A mezzala is a wide central-midfield player in a trio or diamond, playing outside and ahead of a single, deeper midfielder. This role is usually reserved for a creative, mobile player who is given licence to get forward and support attacks, but still has plenty of defensive responsibility. The term mezzala has come to denote – in English, at least – a modern variant of the box-to-box midfielder or the number 8.
In the W-M formation that was particularly prevalent in the 1930s, Italians often described the role of the two midfielders closest to the front line as the mezzale – the plural of mezzala. The term is a blend of the words ‘half’ and ‘winger’ due to the wide positions the two mezzale originally took up. In more recent times the role has become a specific position in central midfield, although movements out wide are still important.
A mezzala can play a key role in driving the team forward with penetrative running and passing. They create through the inside channels via vertical passing and making forward runs, both beyond the attackers towards goal and into wider positions on the outside of the forwards (below).

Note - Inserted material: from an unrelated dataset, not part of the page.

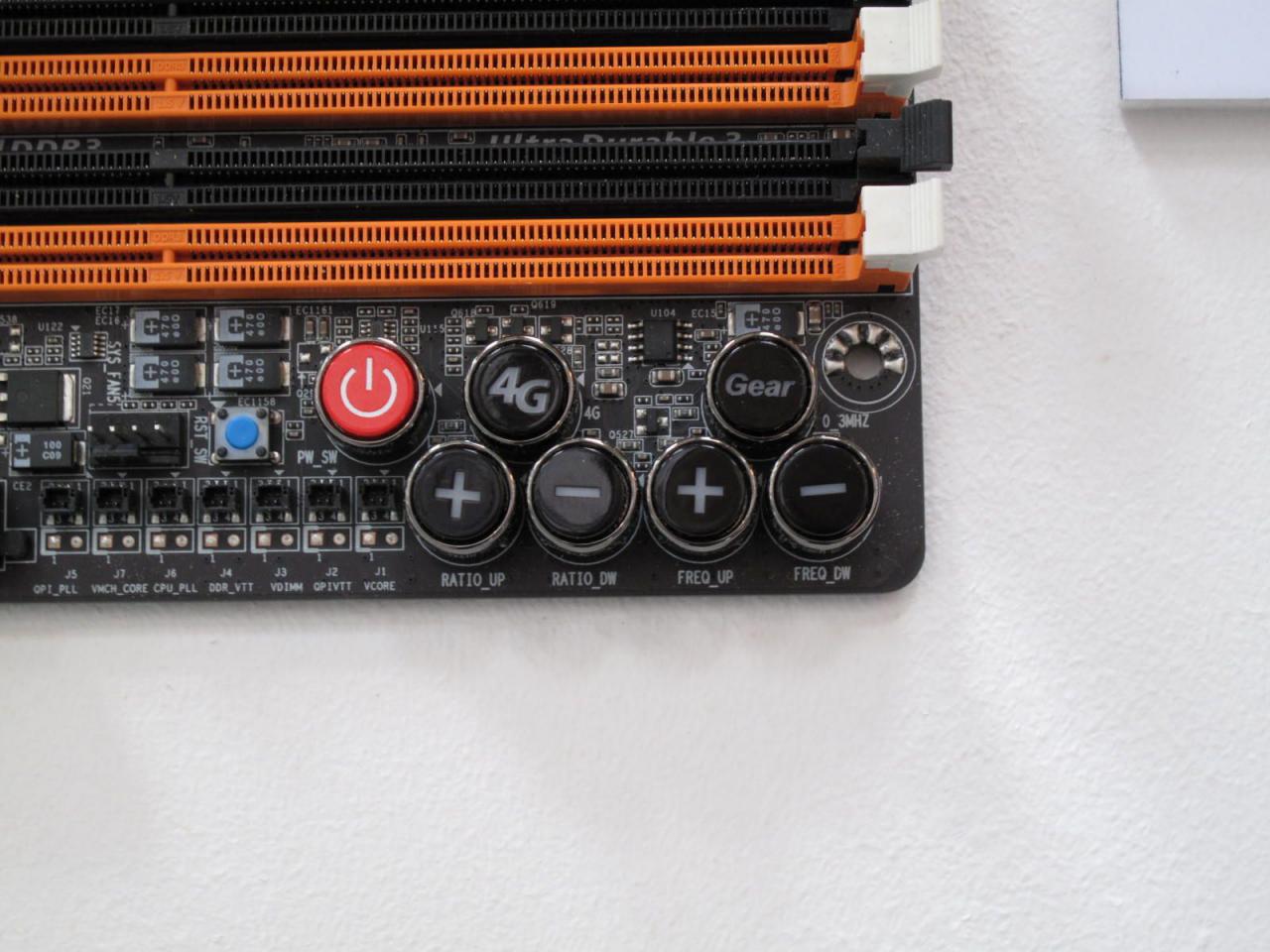 [28/02/2011] Gigabyte X58A-OC 04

A must for a mezzala is significant technical quality with both feet, as well as strong decision-making skills when it comes to how and when to release the ball. The ability to use disguised passing and quick combinations to break through crowded areas are also key.

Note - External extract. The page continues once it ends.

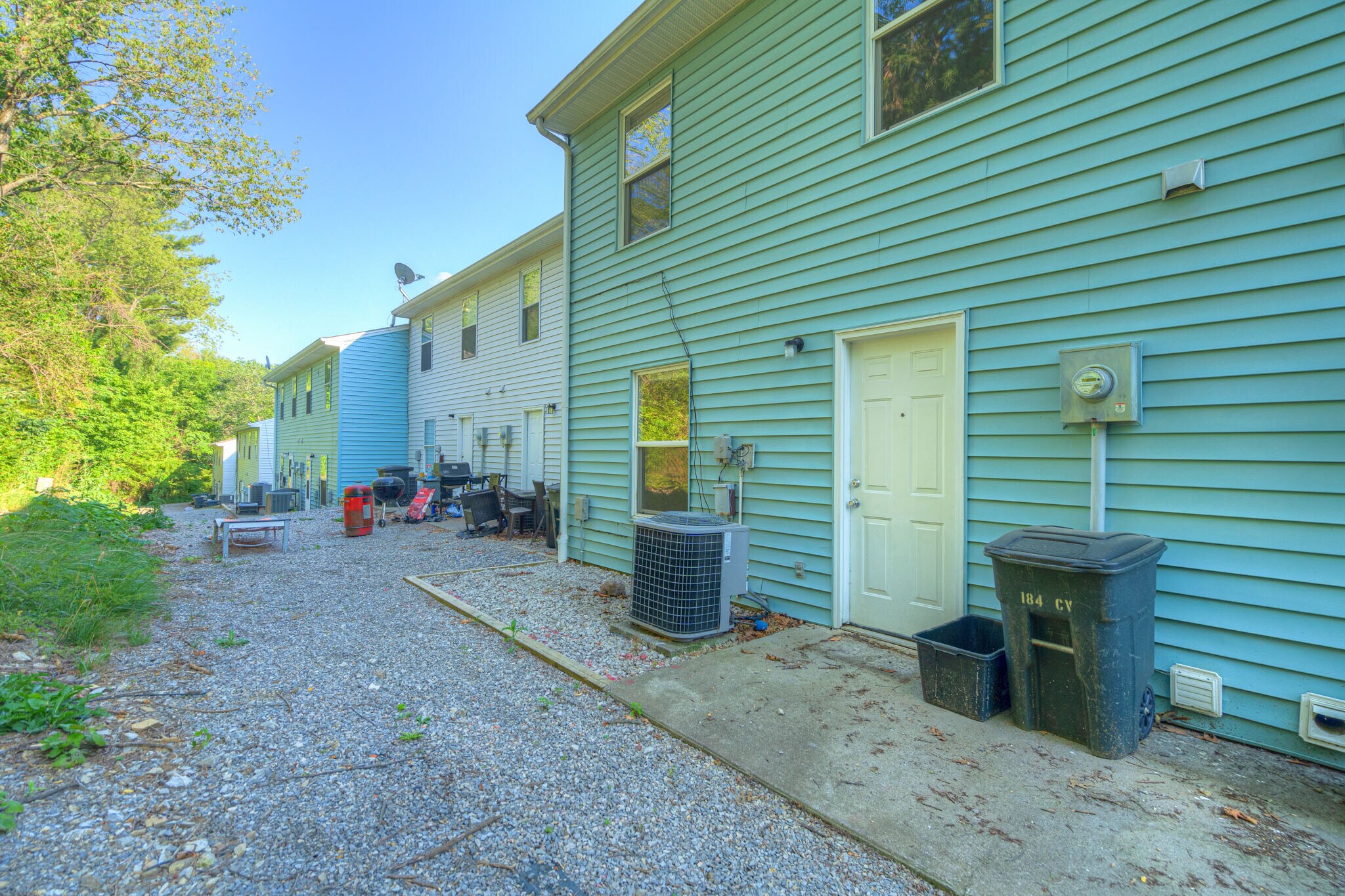 Building Photo - 135 Clover Valley Cir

A mezzala also needs to be athletic and able to cover ground quickly with powerful, driving runs through midfield, so they can take advantage of any spaces that open up in the opposition’s shape. Equally, they need to be agile enough to make short, sharp movements through compact midfield areas, particularly when under pressure from the opposition. The combination of all of these skills means a mezzala should be able to help break a press and play a part in quickly turning defence into attack.
An added bonus for any mezzala is the ability to put dangerous crosses into the penalty area. After making a run out into a wide position, they are then able to create chances for teammates.

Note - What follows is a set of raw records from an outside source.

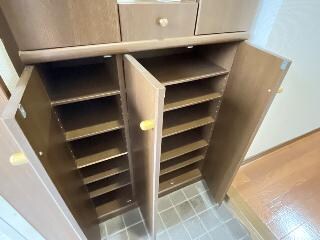 物件内観写真9　(下駄箱（イメージ）)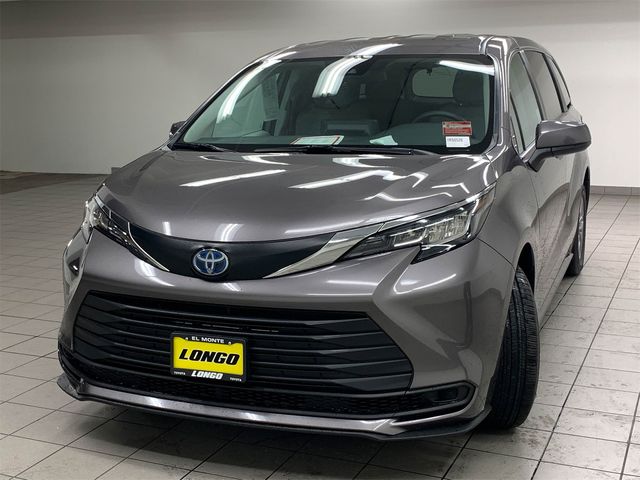 2023 Toyota Sienna LE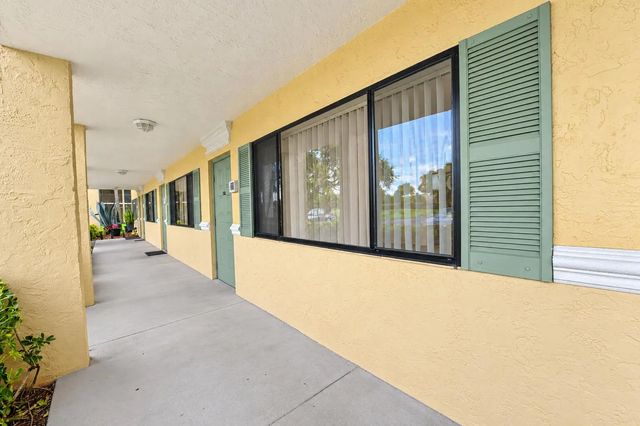 3 of 36 - 1604 Meadows Circle W, Boynton Beach, FL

Energy and tempo are crucial to a mezzala’s out-of-possession work. If playing behind a lone centre-forward, they are often required to press alongside that forward and put pressure on the opposition’s centre-backs. If the opposition plays past them, they are then needed in midfield, so need to make a quick recovery run to make up the numbers in deeper areas. When playing behind two centre-forwards, their job is to cover and screen central passing options to prevent the ball being played into midfield.
If the mezzala is playing as part of a midfield three behind a narrow front three, then pressing the wider spaces when the opposition plays around the first line is their responsibility. Stamina and lots of short, sharp shuttle runs are integral to this.
Equally, game intelligence, awareness of where the opposition will look to progress, anticipation of their movements and good decision-making as to when to press are all important, too.
Kevin De Bruyne
Kevin De Bruyne is a sensational mezzala in Pep Guardiola’s 4-3-3 at Manchester City, for whom he uses his crossing ability in an inside-right position to great effect (above). Many of his deliveries are hit first time after receiving the ball in a supporting position beneath the winger or an advanced full-back. De Bruyne’s movement into wide areas creates plenty of chances; from there, he delivers with pace and accuracy as the opposition back line looks to step forward.
Ángel Di María
Ángel Di María’s movements from central midfield out wide under Carlo Ancelotti at Real Madrid allowed left winger Cristiano Ronaldo to attack centrally, where he is at his devastating best. Di María's overlapping runs provided wide support; when he took up a narrower position, he created space for overlapping left-back Marcelo.
Sergej Milinkovic-Savic has operated as a more direct threat as a mezzala for Lazio. In their 3-5-2 formation, Simone Inzaghi’s team counter-attack quickly and incisively, with Milinkovic-Savic helping to progress the ball forwards through quick combinations and movements into wider areas. He is also tasked with adding another body to attacks with supporting runs from midfield (below).
• Paul Pogba under Antonio Conte at Juventus.
• Andrés Iniesta under Pep Guardiola and Luis Enrique at Barcelona.
• Luka Modric for Real Madrid under Zinedine Zidane.
• Bernardo Silva for Manchester City under Pep Guardiola.
• Julian Draxler under both Unai Emery and Thomas Tuchel at Paris Saint-Germain.
• Corentin Tolisso for Lyon under Bruno Génésio.
A mezzala can help to exploit gaps in the opposition back line with through balls, penetrative runs into a gap between a centre-back and a full-back, and via intelligent positioning to receive high up the pitch.
Movement ahead of a full-back can add more variety to attacks, with overlapping runs that allow the winger to cut inside with the ball or create space for underlaps from the full-back. The movement and energy of a mezzala in central areas can add an extra threat to counter-attacks, in particular in how they support centre-forwards and wingers.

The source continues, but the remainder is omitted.